Friday, 30 May 2025

Caisleán na Cailleach

Who shall be saved? That's today's question. It is a truism to say that slaps can be delivered to the head of any one of us - Henry V took an arrow in the face; Terry Pratchett's cortex emptied out; Phineas Gage's was briefly filled with an iron bar - but you'll respond better to life's tonks if you have money or connexions. How the dispossessed are treated is a measure of how civilized a society is. 

It's not enough to aspire to cherishing all the children; elected governments have to allocate resources to ensure that the difficult cases get dealt with. From 2000 Kathy Sinnott took the Dept Education to courtS to vindicate the Constitutional right of her disabled son Jamie to have "free appropriate primary education based on need". Jamie got to vote before he got his rights!  It's pretty clear that, in the 1916 proclamation, Padraig Pearse was cherishing all the children metaphorically not just the subadults. No grown-up nation should allow its citizens to sleep in cars, or in tents, or in at whim B&B accommodation. But that's where we're at. This last Winter there were 15,000 people homeless in Ireland a third of which were children. Not good enough.

Relying on private citizens to make homes available for those who don't have one might have worked sorta in the past. So long as you weren't black, an unmarried couple or <oof> with child. In 1975, with a newborn at foot, as students, we were able to rent a seafront property in Dun Laoghaire. The rent was about 2.5x that of the 2m x 2.5m x 3m shithole bedsit The Beloved and I had shared with a family of mice the previous year. I'm sure, the demeanour of patriarchy (and the accent) got us that room with a view of the sea.
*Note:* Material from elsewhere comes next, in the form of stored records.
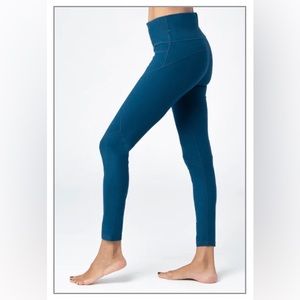 NWT Whisper Active Kriss Legging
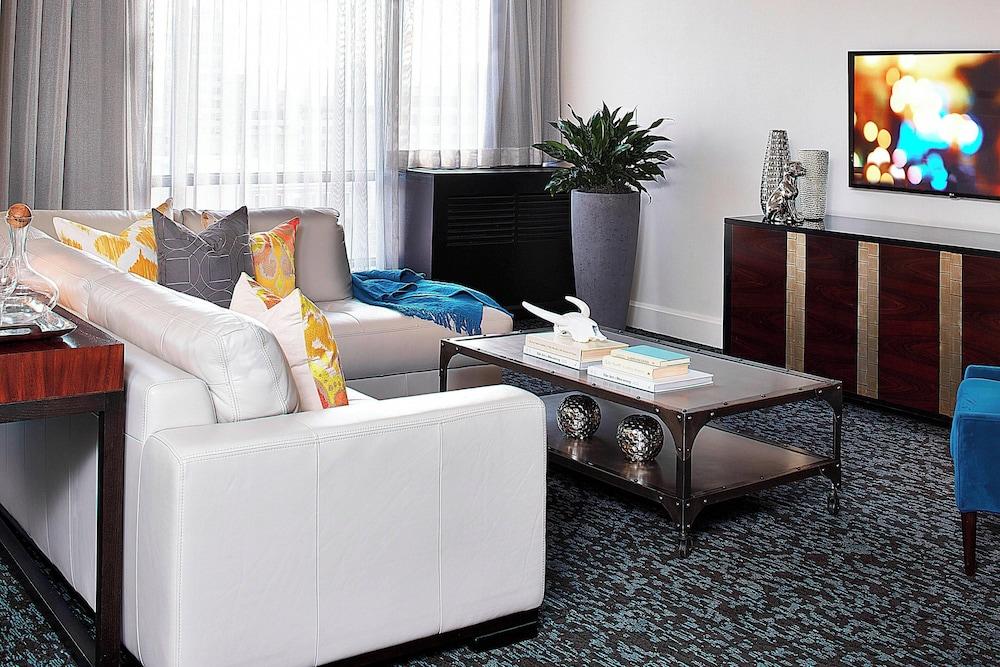 Renaissance Asheville Downtown Hotel photo 18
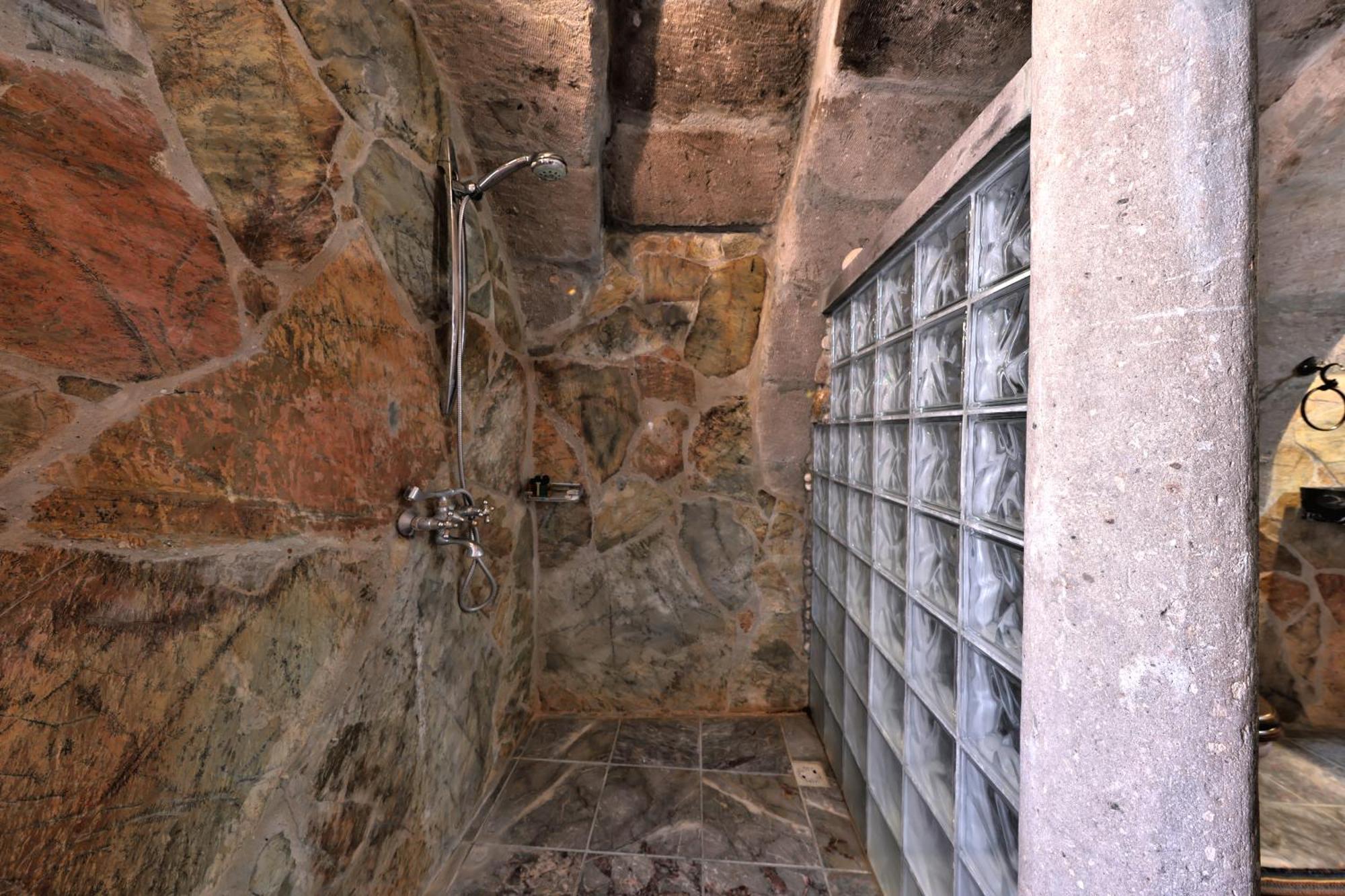 Potamia Cave Suites Ortahisar Exterior photo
Through the noughties, I found that private rentiers could raise rents arbitrarily and evict tenants with impunity. It is only by being born at peak boomer and being lucky in the breaks, that we bought the farm 30 years ago and had a home for which we owned the keys. My correspondent G after 10 years in the private rental sector with her extended family, finally got a Council House in 2022.

I am relieved . . . happy . . . delirah to add my correspondent M to the list of those who have washed up ashore after years at sea in Dublin's rental sector. Whom shall we thank? Maybe Ned Guinness (1847-1927) [R, in his patriarchal prime] whose family had made a fortune in booze. At one time he was the richest man in all of Ireland. Having more money than anyone was capable of spending on racehorses and champagne, he allocated part of his patrimony to The Iveagh Trust [if you're reading from Baluchistan, don't bother clicking that bloatware link but get the gist from Wikipedia]. Still tl;? it's a provider of affordable housing in Dublin. They run a 200 bed homeless men's hostel, built the Iveagh Public Baths and the Iveagh Covered Market, and . . . a home for The Old. M is six weeks older than me and little bit more crocked up. After 50 years buffeted by the winds of change in private rental sector, M obtained the key to a teeny tiny apartment owned by The Iveagh and moves in Today!

All bets would have been off, if she hadn't been old.